## WORK ITEM
Output only the lines of the entries that follow, starting at the one with "Vertical video: Senior" and running down to the one with "Great Dane with", both included and unchanged.

## MATERIAL SHOWN
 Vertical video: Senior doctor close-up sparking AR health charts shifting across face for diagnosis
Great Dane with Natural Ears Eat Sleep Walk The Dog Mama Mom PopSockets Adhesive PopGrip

--

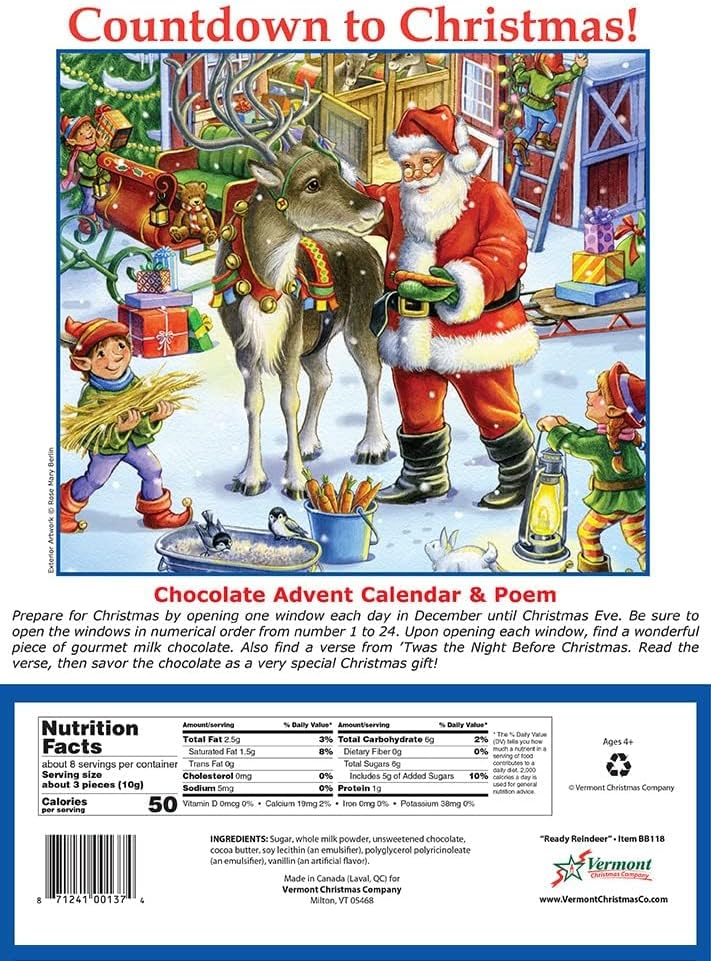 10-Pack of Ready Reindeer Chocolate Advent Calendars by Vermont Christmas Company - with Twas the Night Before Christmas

## THE COMPLETED TASK
 Vertical video: Senior doctor close-up sparking AR health charts shifting across face for diagnosis
Great Dane with Natural Ears Eat Sleep Walk The Dog Mama Mom PopSockets Adhesive PopGrip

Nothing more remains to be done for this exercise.